Task: For each line below with the word "some", write out a copy.

Records:

________________________

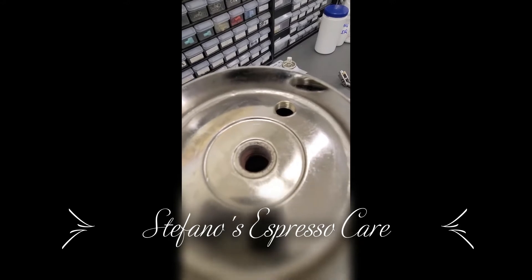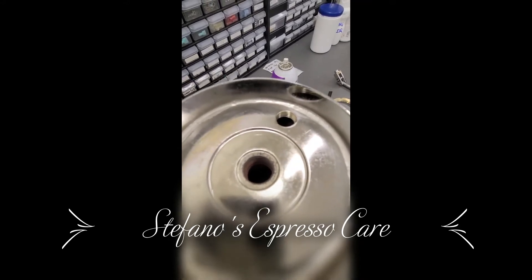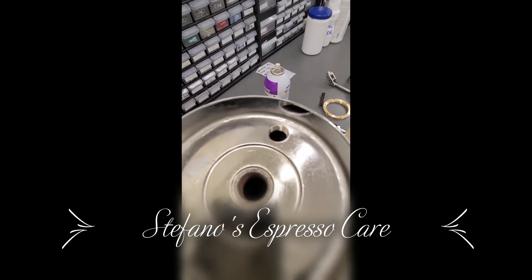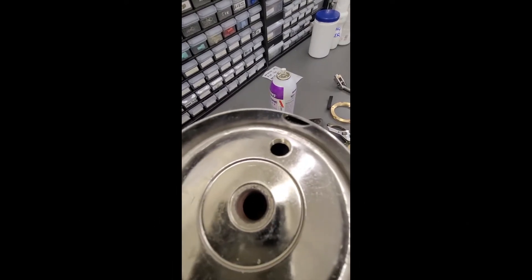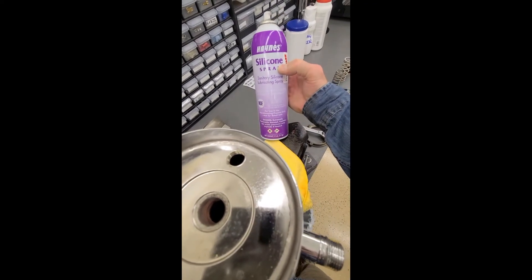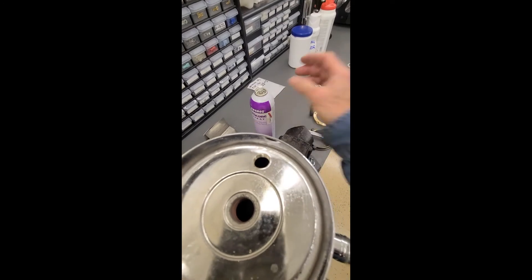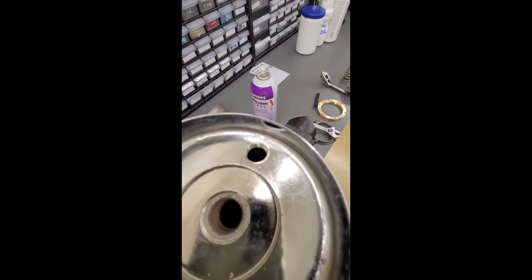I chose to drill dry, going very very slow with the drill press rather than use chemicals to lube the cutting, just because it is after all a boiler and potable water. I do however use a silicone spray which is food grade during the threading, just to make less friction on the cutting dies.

________________________

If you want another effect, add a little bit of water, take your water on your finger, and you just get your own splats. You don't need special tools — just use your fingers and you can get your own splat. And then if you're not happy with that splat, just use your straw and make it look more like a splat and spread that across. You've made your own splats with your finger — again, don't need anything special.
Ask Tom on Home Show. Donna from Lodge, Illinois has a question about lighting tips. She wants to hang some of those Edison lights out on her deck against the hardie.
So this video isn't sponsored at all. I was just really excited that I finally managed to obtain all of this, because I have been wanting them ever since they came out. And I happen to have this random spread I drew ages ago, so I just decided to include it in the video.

________________________

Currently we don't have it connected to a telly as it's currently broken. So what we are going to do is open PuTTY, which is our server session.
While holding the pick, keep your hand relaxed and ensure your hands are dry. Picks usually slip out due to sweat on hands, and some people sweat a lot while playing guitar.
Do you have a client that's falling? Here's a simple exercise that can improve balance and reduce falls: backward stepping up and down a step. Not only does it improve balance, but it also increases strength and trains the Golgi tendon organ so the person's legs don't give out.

________________________

Result of the task:
Ask Tom on Home Show. Donna from Lodge, Illinois has a question about lighting tips. She wants to hang some of those Edison lights out on her deck against the hardie.
While holding the pick, keep your hand relaxed and ensure your hands are dry. Picks usually slip out due to sweat on hands, and some people sweat a lot while playing guitar.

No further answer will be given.